Data items

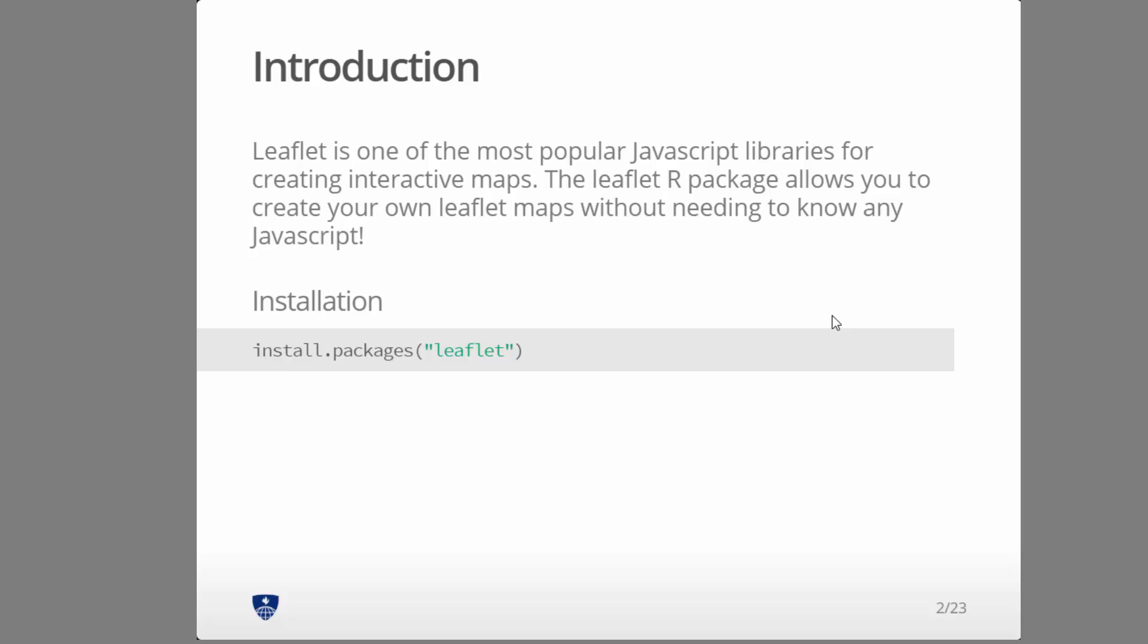You want to make sure you install it first. I won't go through this, just install.packages leaflet. Now let's go through a code example where we create our first leaflet map in R.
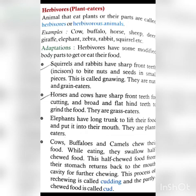Horses and cows have sharp front teeth to cut food, and broad and flat hind teeth to grind it. Elephants have long tusks to lift food and put it into their mouth. Cows, buffaloes, and camels eat food and then chew and grind it properly.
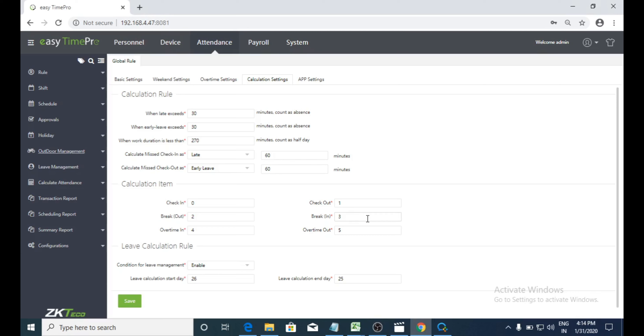Welcome to ZKTECO India Biometrics Pvt Ltd. I am Madhut. Today I am going to explain outdoor management, approvals, and holiday options in EasyTime Pro software.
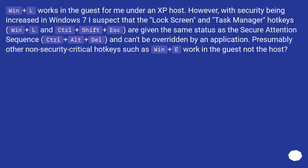Presumably other non-security-critical hotkeys such as Win+E work in the guest, not the host.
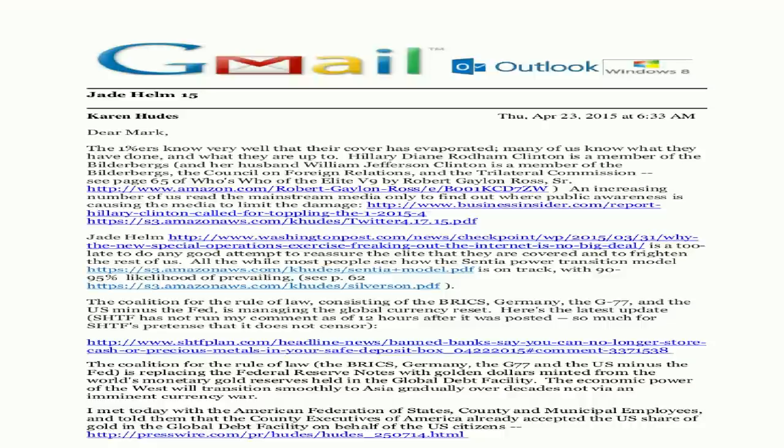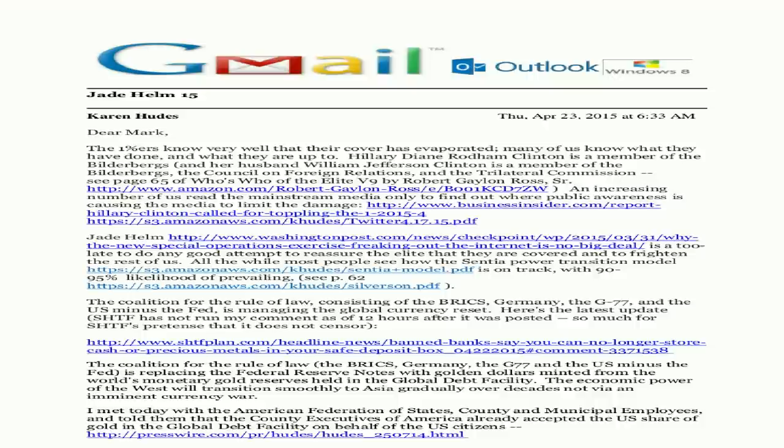With 90 to 95% likelihood of prevailing, the Coalition for the Rule of Law consisting of the BRICS, Germany, the G77, and the US minus the Fed is managing the global currency reset. Here's the latest update. SHTF does not run my comment as of 12 hours after it was posted. So much for SHTF's pretense that it does not censor. The Coalition for the Rule of Law.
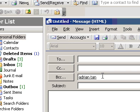If the BCC box isn't visible when you create a new message, you can add it.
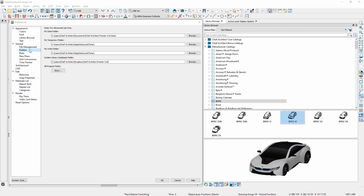A new preference setting is available for the location of your library database. For those that want to store their library on a network or a cloud location, this new setting can be beneficial for multi-user installations or for those that want access to the library from both their home or office. A key benefit in this case is to have a common library without the need to download and maintain two or more copies of the library database.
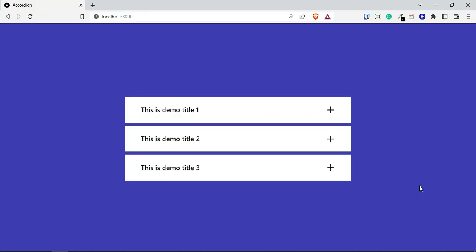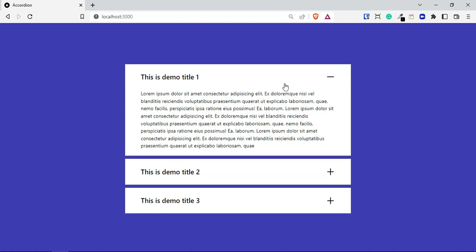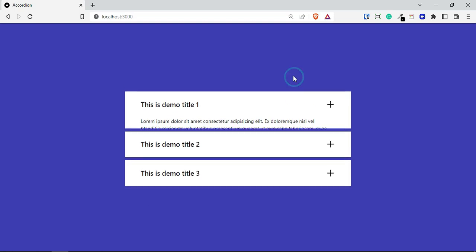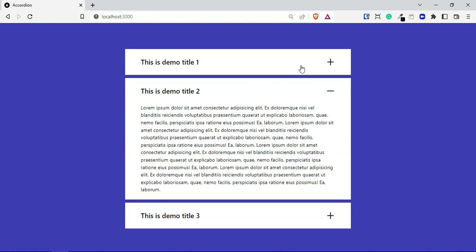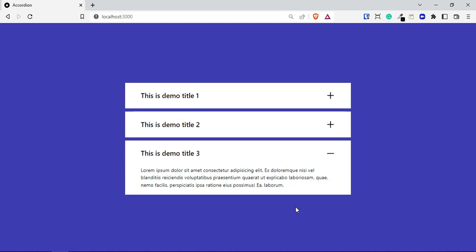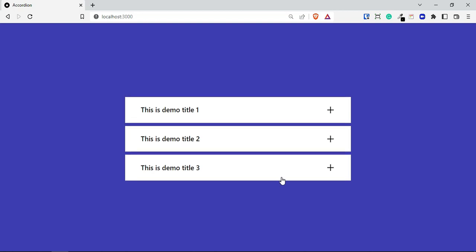Hi guys, today in this video we are going to create an accordion using Tailwind CSS and Next.js. If I click it's going to expand, and if I click again it's going to collapse. If this one is opened and I click on a different one, the first one will collapse automatically and the new one will open. This is the default behavior of the accordion — let's get started.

=== Work request ===
Lines from the one that contains "Horses and cows" through the last line of the data above are to be extracted exactly, with no pictures and no other lines.

=== Task response ===
Horses and cows have sharp front teeth to cut food, and broad and flat hind teeth to grind it. Elephants have long tusks to lift food and put it into their mouth. Cows, buffaloes, and camels eat food and then chew and grind it properly.
Welcome to ZKTECO India Biometrics Pvt Ltd. I am Madhut. Today I am going to explain outdoor management, approvals, and holiday options in EasyTime Pro software.
Presumably other non-security-critical hotkeys such as Win+E work in the guest, not the host.
With 90 to 95% likelihood of prevailing, the Coalition for the Rule of Law consisting of the BRICS, Germany, the G77, and the US minus the Fed is managing the global currency reset. Here's the latest update. SHTF does not run my comment as of 12 hours after it was posted. So much for SHTF's pretense that it does not censor. The Coalition for the Rule of Law.
If the BCC box isn't visible when you create a new message, you can add it.
A new preference setting is available for the location of your library database. For those that want to store their library on a network or a cloud location, this new setting can be beneficial for multi-user installations or for those that want access to the library from both their home or office. A key benefit in this case is to have a common library without the need to download and maintain two or more copies of the library database.
Hi guys, today in this video we are going to create an accordion using Tailwind CSS and Next.js. If I click it's going to expand, and if I click again it's going to collapse. If this one is opened and I click on a different one, the first one will collapse automatically and the new one will open. This is the default behavior of the accordion — let's get started.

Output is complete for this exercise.